• [PROBLEM TO WORK ON] Nothing but the lines below between the line holding "Heroes of Newerth screenshot 10" and the line holding "Top Best Song", inclusive, should appear in the answer, each set down exactly.

• [DATA EXCERPTS]

#####

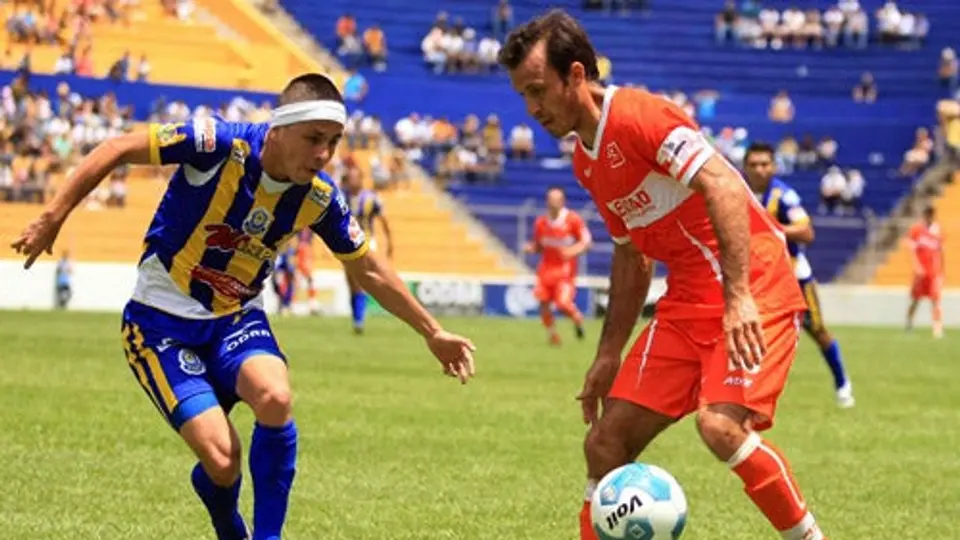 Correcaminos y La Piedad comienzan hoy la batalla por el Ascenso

#####

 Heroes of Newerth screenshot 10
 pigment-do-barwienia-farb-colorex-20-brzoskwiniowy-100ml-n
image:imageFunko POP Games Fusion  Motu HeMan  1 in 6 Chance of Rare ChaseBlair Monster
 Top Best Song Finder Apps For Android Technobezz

#####

• [TASK ANSWER]
 Heroes of Newerth screenshot 10
 pigment-do-barwienia-farb-colorex-20-brzoskwiniowy-100ml-n
image:imageFunko POP Games Fusion  Motu HeMan  1 in 6 Chance of Rare ChaseBlair Monster
 Top Best Song Finder Apps For Android Technobezz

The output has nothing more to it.